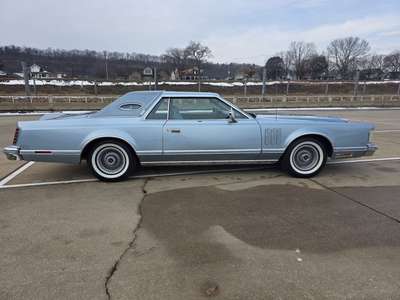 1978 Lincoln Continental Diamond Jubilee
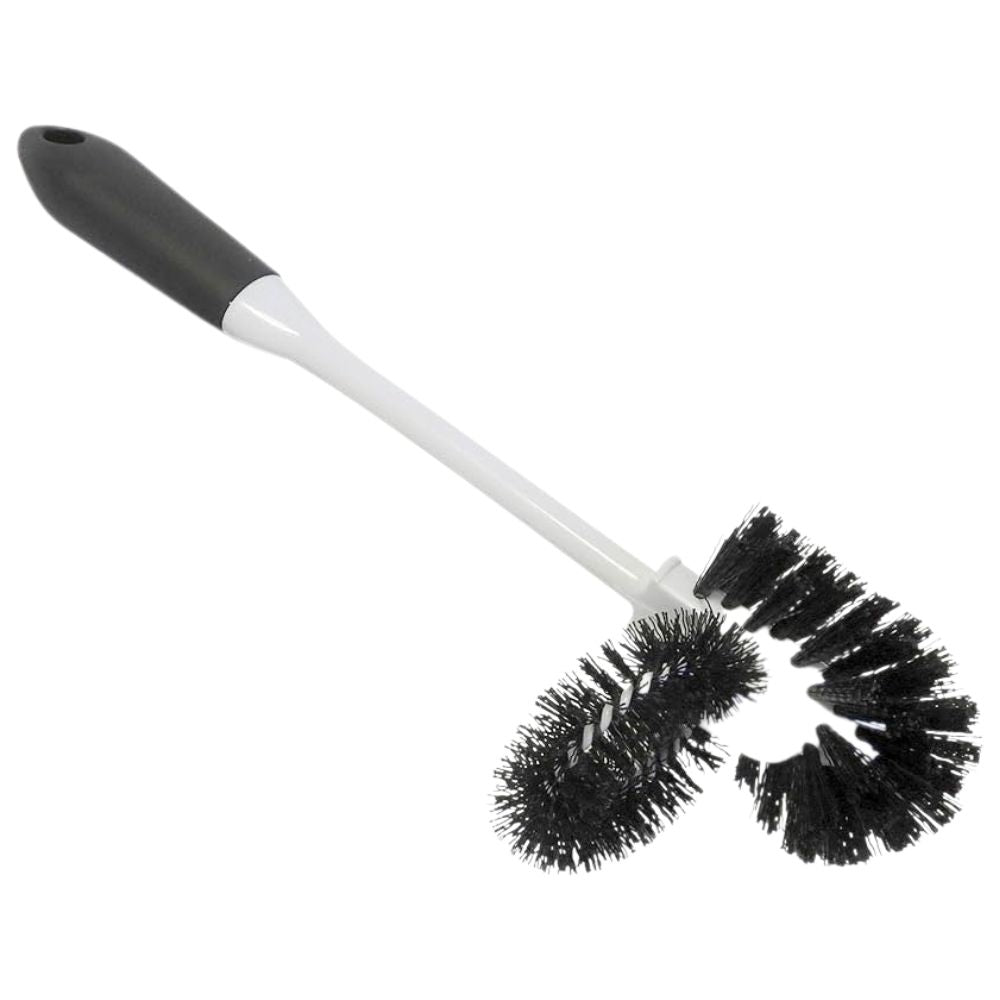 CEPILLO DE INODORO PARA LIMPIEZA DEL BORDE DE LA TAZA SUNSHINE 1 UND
···
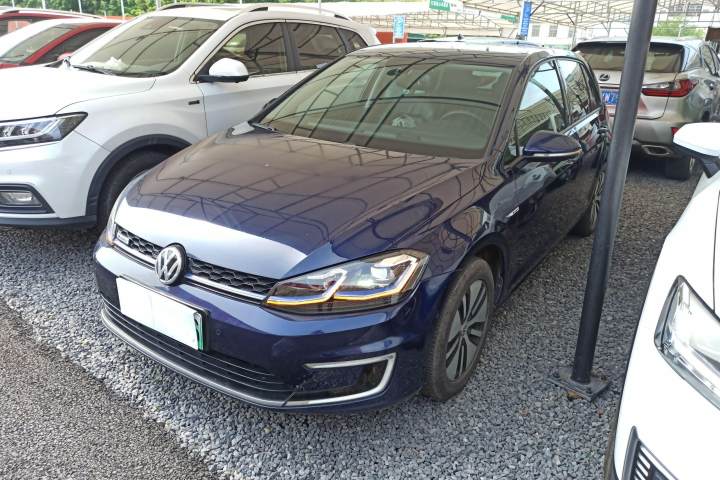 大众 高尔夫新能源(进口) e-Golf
···
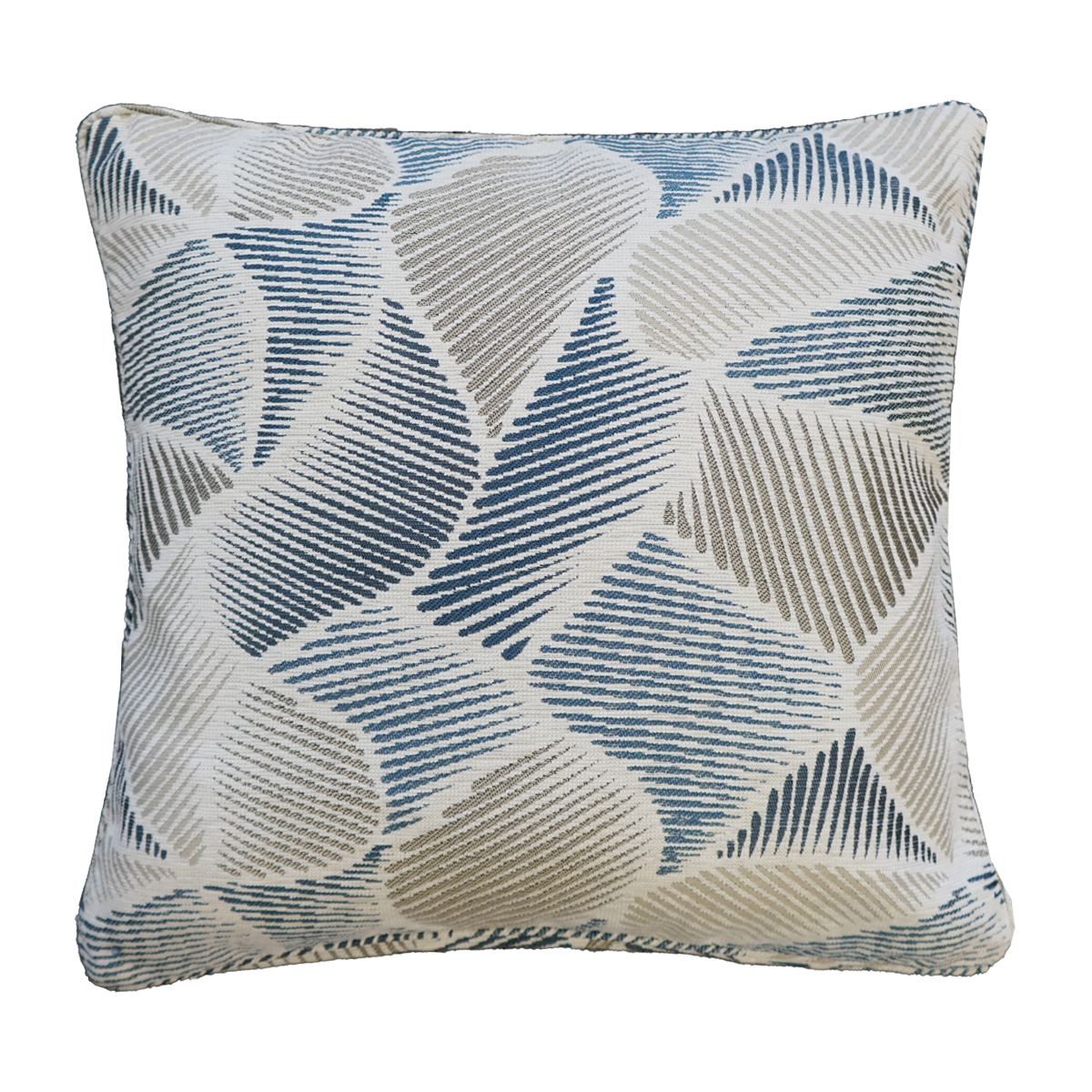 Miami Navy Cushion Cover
···
WHAT IS NEEDED: Each line from the one that contains "1978 Lincoln Continental Diamond Jubilee" down to the one that contains "CEPILLO DE INODORO" is to be returned exactly as it stands above, both ends included, with pictures removed.

REPLY TO THE TASK:
 1978 Lincoln Continental Diamond Jubilee
 CEPILLO DE INODORO PARA LIMPIEZA DEL BORDE DE LA TAZA SUNSHINE 1 UND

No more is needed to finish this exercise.